Task prompt => Reproduce the lines below exactly. Skip images.

(Stored items from a collection)
════════

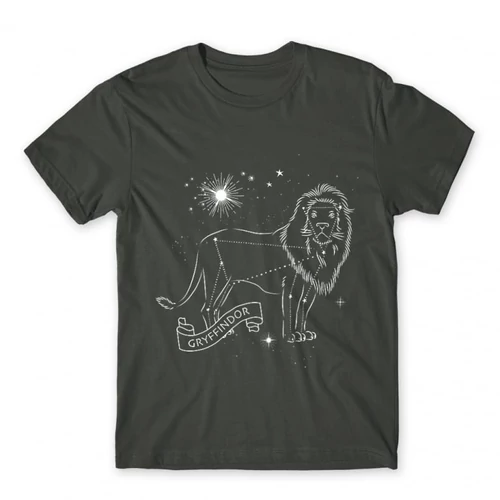 Sötétszürke Harry Potter férfi rövid ujjú póló - Gryffindor Constellation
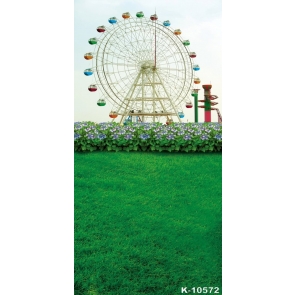 Spring Green Grassland Ferris Wheel Scenic Photo Prop Background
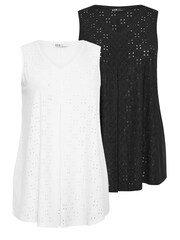 Yours Curve Black Broderie Pleated Swing Vest 2 Pack - Image 6 of 8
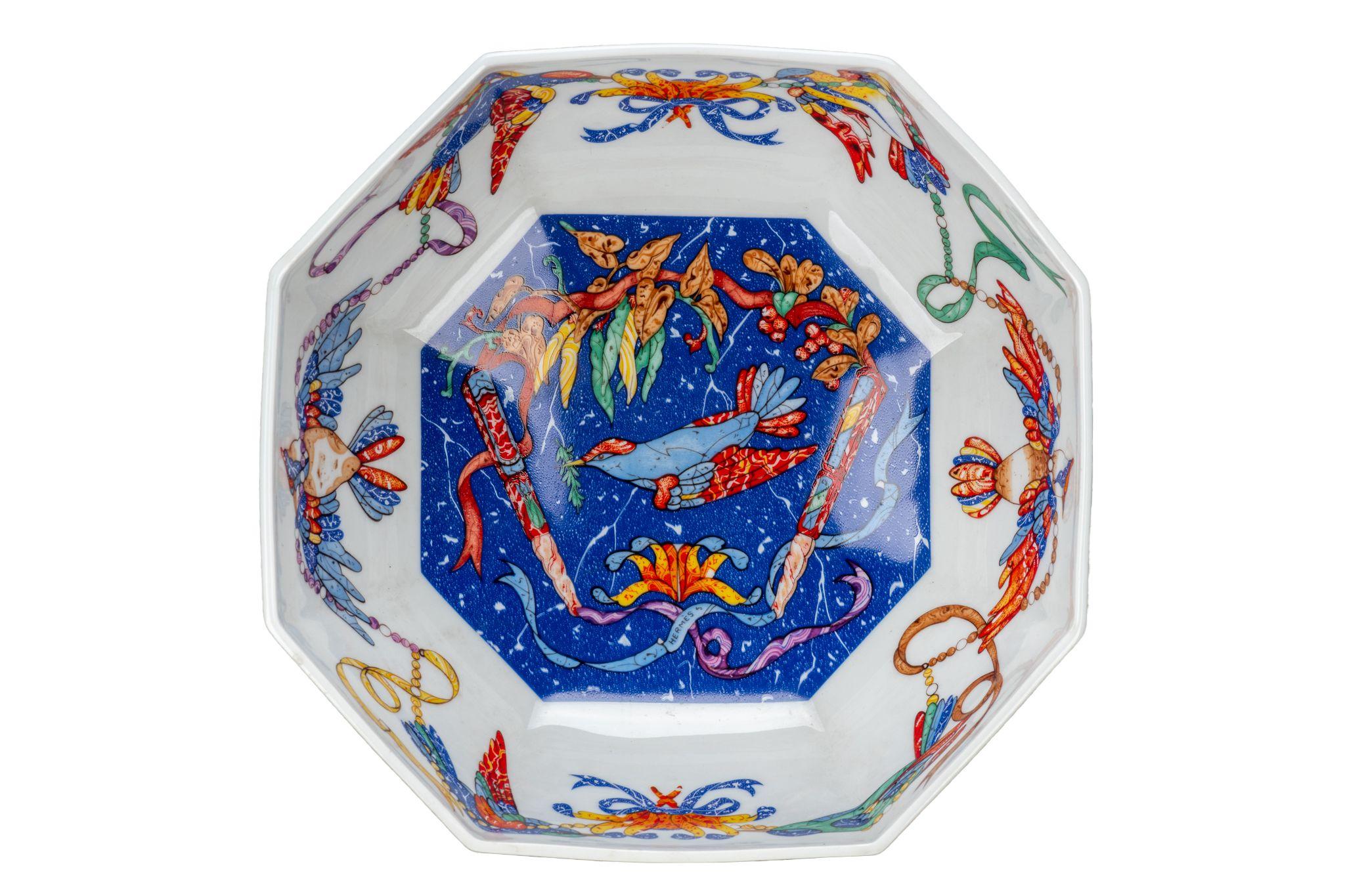 Women's or Men's Hermes Large Blue Birds Porcelain Bowl
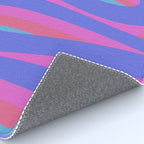 Pop Swirl Wavy Minimalist Abstract Pattern Blue and Hot Pink Rug Gallery Image 4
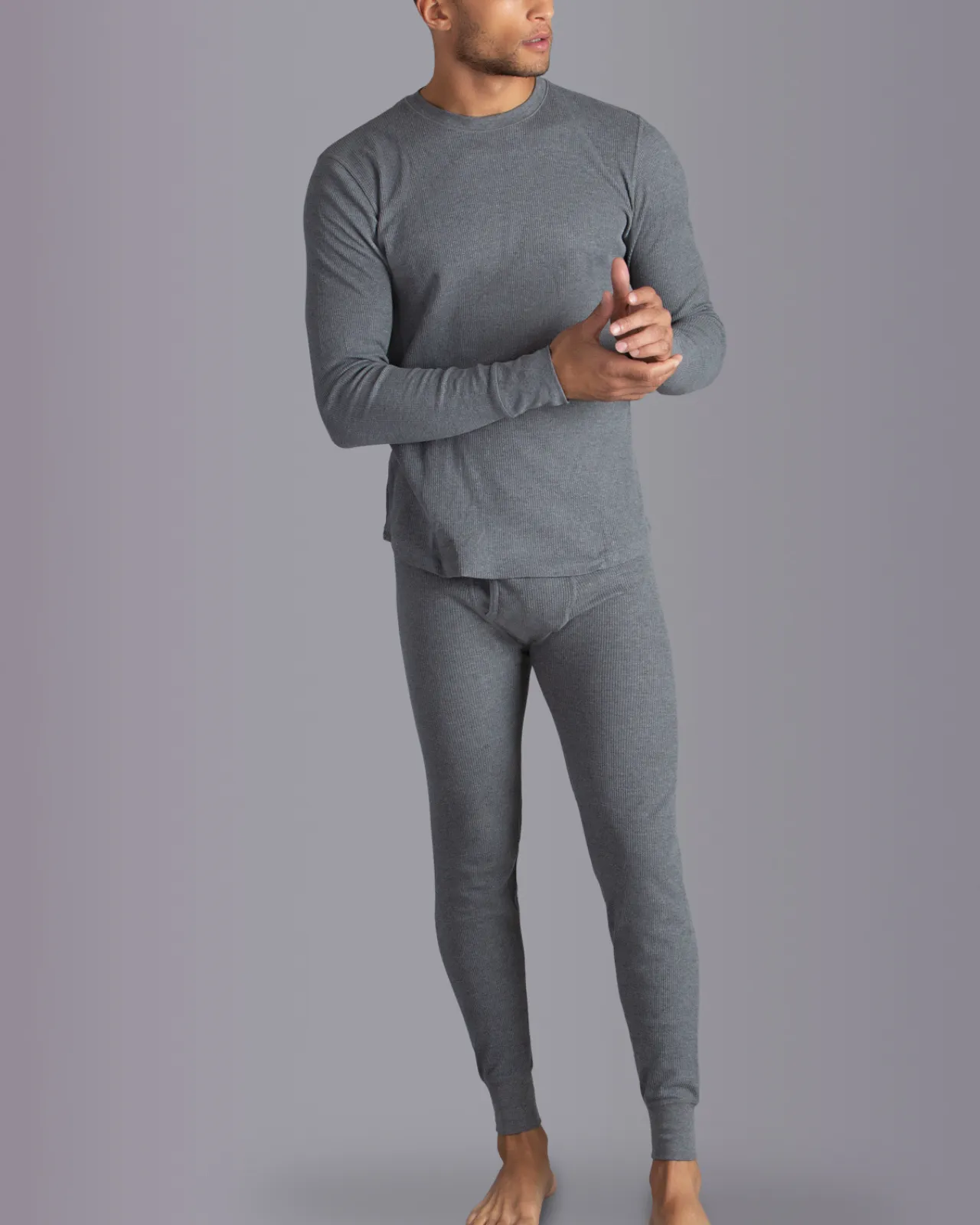 Men's WAFFLE Thermal "fly-front" Long John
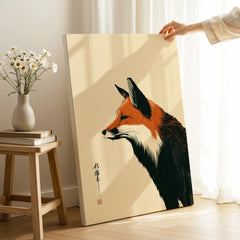 Japanese Fox Wall Art – Vintage Woodblock Style Art Print — canvas print mirror edge hand holding room setting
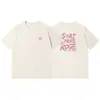Camiseta Casual de Algodón Puro para Mujer con Estampado de Letras de Manga Corta para Pareja de Verano, Top Interior Holgado de Media Manga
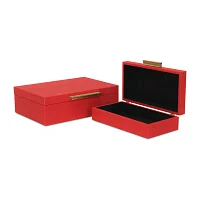 Cheungs Red Faux Shagreen Rectangular 2-pc. Decorative Box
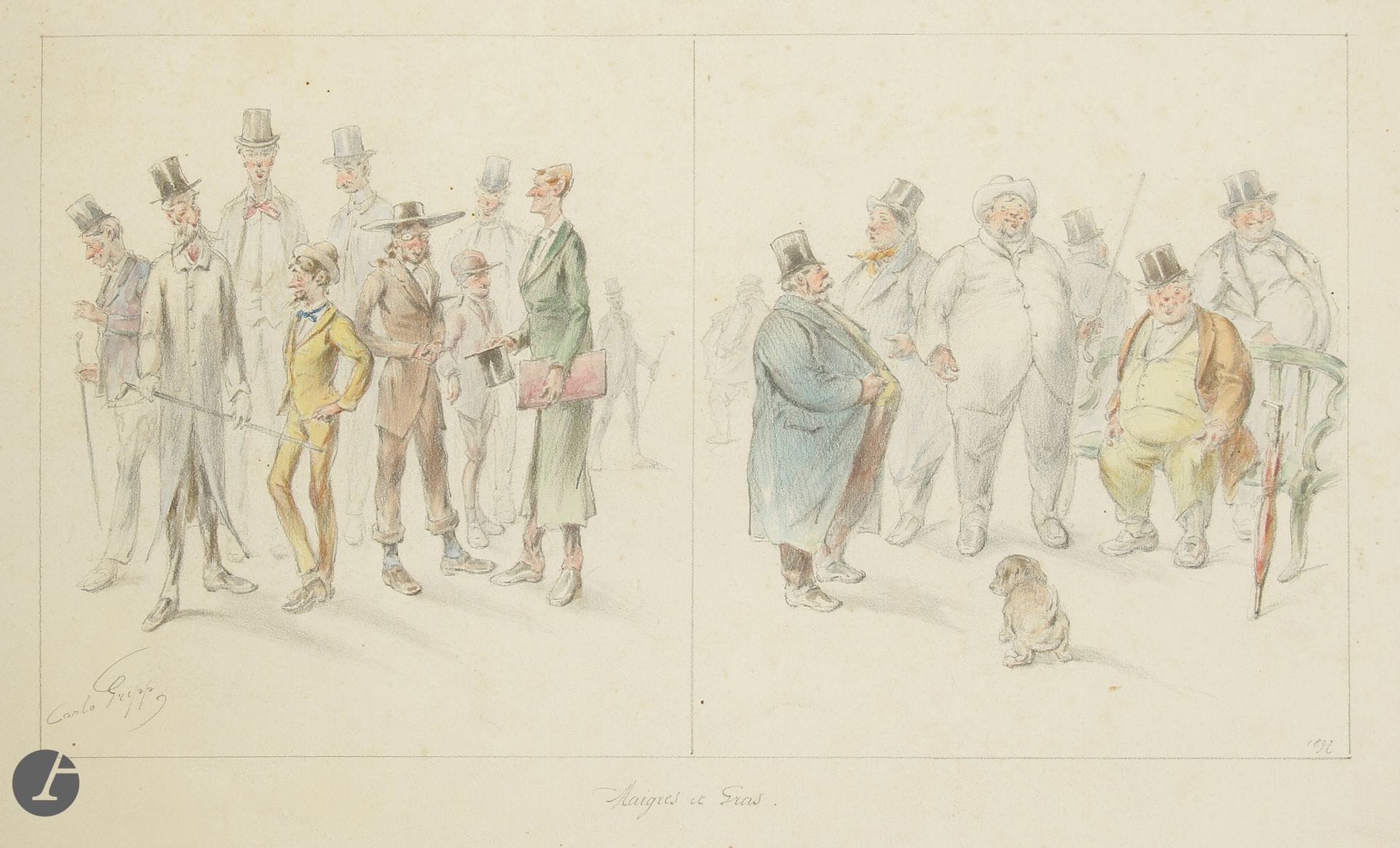 Carlo GRIPP (Charles Tronsens, dit) (1830-?) 
Maigres et gras, 1892
Dessin à la mine de plomb et à l’aquarelle sur vélin. 
Signé et daté à l’intérieur du filet d’encadrement, puis légendé sous le sujet. 
(Rousseurs claires).
32,5 x 50 cm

════════

Solved exercise =>
 Sötétszürke Harry Potter férfi rövid ujjú póló - Gryffindor Constellation
 Spring Green Grassland Ferris Wheel Scenic Photo Prop Background
 Yours Curve Black Broderie Pleated Swing Vest 2 Pack - Image 6 of 8
 Women's or Men's Hermes Large Blue Birds Porcelain Bowl
 Pop Swirl Wavy Minimalist Abstract Pattern Blue and Hot Pink Rug Gallery Image 4
 Men's WAFFLE Thermal "fly-front" Long John
 Japanese Fox Wall Art – Vintage Woodblock Style Art Print — canvas print mirror edge hand holding room setting
Camiseta Casual de Algodón Puro para Mujer con Estampado de Letras de Manga Corta para Pareja de Verano, Top Interior Holgado de Media Manga
 Cheungs Red Faux Shagreen Rectangular 2-pc. Decorative Box
 Carlo GRIPP (Charles Tronsens, dit) (1830-?) 
Maigres et gras, 1892
Dessin à la mine de plomb et à l’aquarelle sur vélin. 
Signé et daté à l’intérieur du filet d’encadrement, puis légendé sous le sujet. 
(Rousseurs claires).
32,5 x 50 cm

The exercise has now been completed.